Passengers on board one P&O ferry from Le Havre to Portsmouth spent the whole of Wednesday night in the French port's outer harbour after the ship was surrounded by trawlers. But since the Channel Tunnel was never fully closed, most British tourists in the Calais area got home on Wednesday with only a few hours' delay, while some took a diversion through Belgium.
Motorists who had planned to cross from St Malo or Cherbourg were delayed for at least a day.
The disruption to freight traffic was more serious and could last into the weekend.
By now there is almost a script for such disputes, a kind of ritual theatre.
The French protesters - lorry drivers, fishermen or seamen - block the Channel crossings. There is extreme fury and an outbreak of Francophobia in Britain.
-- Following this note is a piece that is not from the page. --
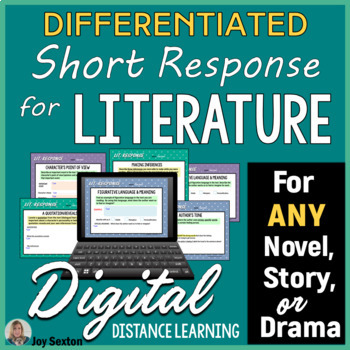 Preview of Short Response for ANY Literature - DIGITAL Resource - Differentiated 3 Levels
The French press and public treat the affair with indifference, as they would an outbreak of bad weather. The French government gives way.
Everyone on the British side of the Channel says that the French must never be allowed to get away with it again, as the Deputy Prime Minister, John Prescott, said yesterday. But everyone knows they will.
The action of the fishermen was the more infuriating because it was certain from the beginning of the week that the government would pay them.
The European Union may still have something to say about the legality of the new subsidies, which take the form of temporary reductions in social security charges and harbour dues.
If Brussels intervenes, the whole dispute might start again.
The rise in oil prices has affected French fishermen in two ways. The weakness of the euro has accentuated the oil price rise in France. French fishermen are already excused tax on marine fuel. The tax-free price paid by fishing boat owners has thus risen from 12 pence a litre to 22 pence a litre in the past year.
The fishermen, already suffering like all EU fishermen from reduced catch quotas, say it is impossible to make a living when fuel is so expensive.
British tourists caught up in the dispute at the Channel Tunnel terminal near Calais yesterday were - understandably - not interested in the minutiae of the French fisheries' economics. The tunnel had been spared from the port blockade the previous day but the Boulogne fishermen arrived with their crash barriers - under the unblinking eyes of the gendarmerie - not long before 11am.
A number of British motorists got out of their cars to argue with the fishermen. There was some shouting and pushing but no real fisticuffs. A British woman shouted: "Why are you doing this to us? What's this got to do with us?"